_Work order_
Using the listing below, print the line containing "Seddon United Methodist Church", the line containing "Replica Burberry 21937 Fashion Bag", and each line between them, exactly and nothing else. Pictures stay out of the print.

_The input_

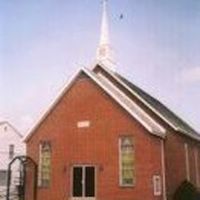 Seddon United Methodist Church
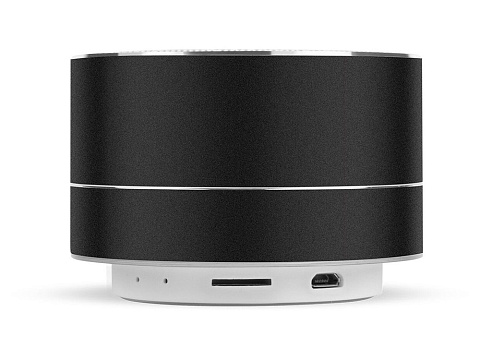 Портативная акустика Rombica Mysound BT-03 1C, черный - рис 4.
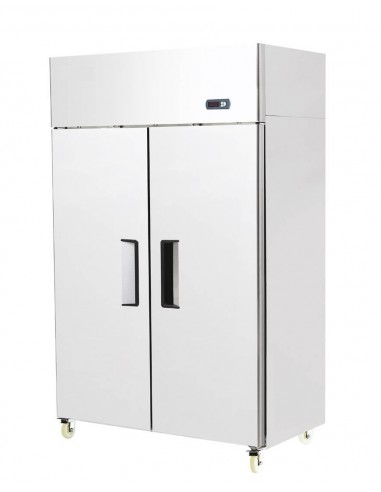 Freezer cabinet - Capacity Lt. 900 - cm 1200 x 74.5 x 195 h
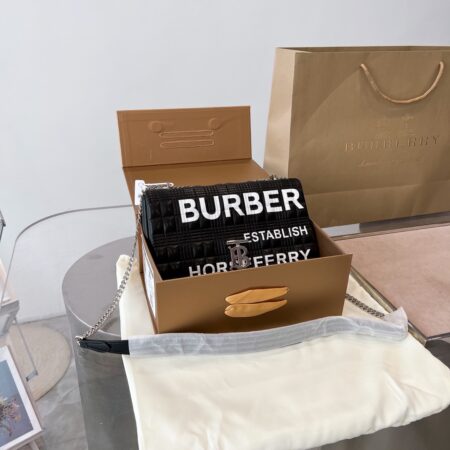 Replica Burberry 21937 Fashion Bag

--

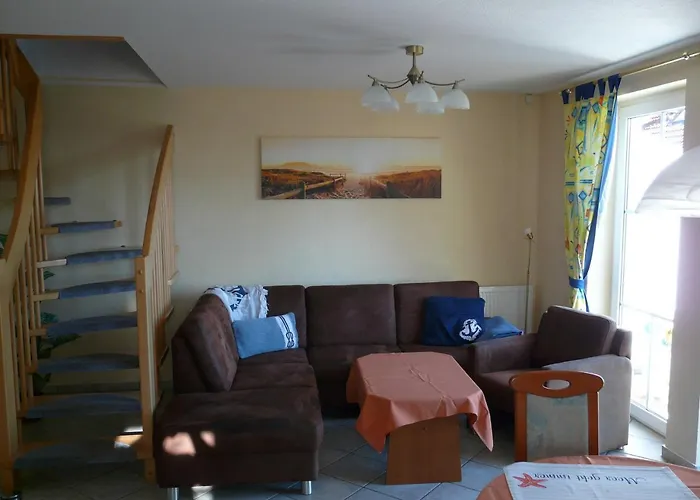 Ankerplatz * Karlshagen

_Response area_
 Seddon United Methodist Church
 Портативная акустика Rombica Mysound BT-03 1C, черный - рис 4.
 Freezer cabinet - Capacity Lt. 900 - cm 1200 x 74.5 x 195 h
 Replica Burberry 21937 Fashion Bag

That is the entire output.